Wherever "Used" occurs in the entries, copy the line that holds it.

Given data Block Start

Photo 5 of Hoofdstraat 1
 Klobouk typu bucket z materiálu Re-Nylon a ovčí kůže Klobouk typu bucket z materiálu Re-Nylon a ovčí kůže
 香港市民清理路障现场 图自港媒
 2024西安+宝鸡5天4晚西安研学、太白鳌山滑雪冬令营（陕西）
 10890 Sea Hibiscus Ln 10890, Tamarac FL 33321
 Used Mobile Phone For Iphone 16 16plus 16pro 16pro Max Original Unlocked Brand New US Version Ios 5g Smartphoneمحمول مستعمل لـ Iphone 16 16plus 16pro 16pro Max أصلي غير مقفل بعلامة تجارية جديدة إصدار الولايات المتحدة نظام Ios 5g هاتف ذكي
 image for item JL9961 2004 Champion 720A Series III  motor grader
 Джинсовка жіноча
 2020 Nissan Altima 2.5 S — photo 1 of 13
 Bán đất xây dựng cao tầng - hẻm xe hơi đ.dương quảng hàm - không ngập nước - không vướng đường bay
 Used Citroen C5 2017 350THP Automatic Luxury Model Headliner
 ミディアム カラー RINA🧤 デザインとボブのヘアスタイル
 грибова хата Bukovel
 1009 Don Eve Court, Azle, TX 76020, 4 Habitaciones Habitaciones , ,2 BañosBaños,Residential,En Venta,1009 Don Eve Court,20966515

Given data Block End

• Reply:
 Used Mobile Phone For Iphone 16 16plus 16pro 16pro Max Original Unlocked Brand New US Version Ios 5g Smartphoneمحمول مستعمل لـ Iphone 16 16plus 16pro 16pro Max أصلي غير مقفل بعلامة تجارية جديدة إصدار الولايات المتحدة نظام Ios 5g هاتف ذكي
 Used Citroen C5 2017 350THP Automatic Luxury Model Headliner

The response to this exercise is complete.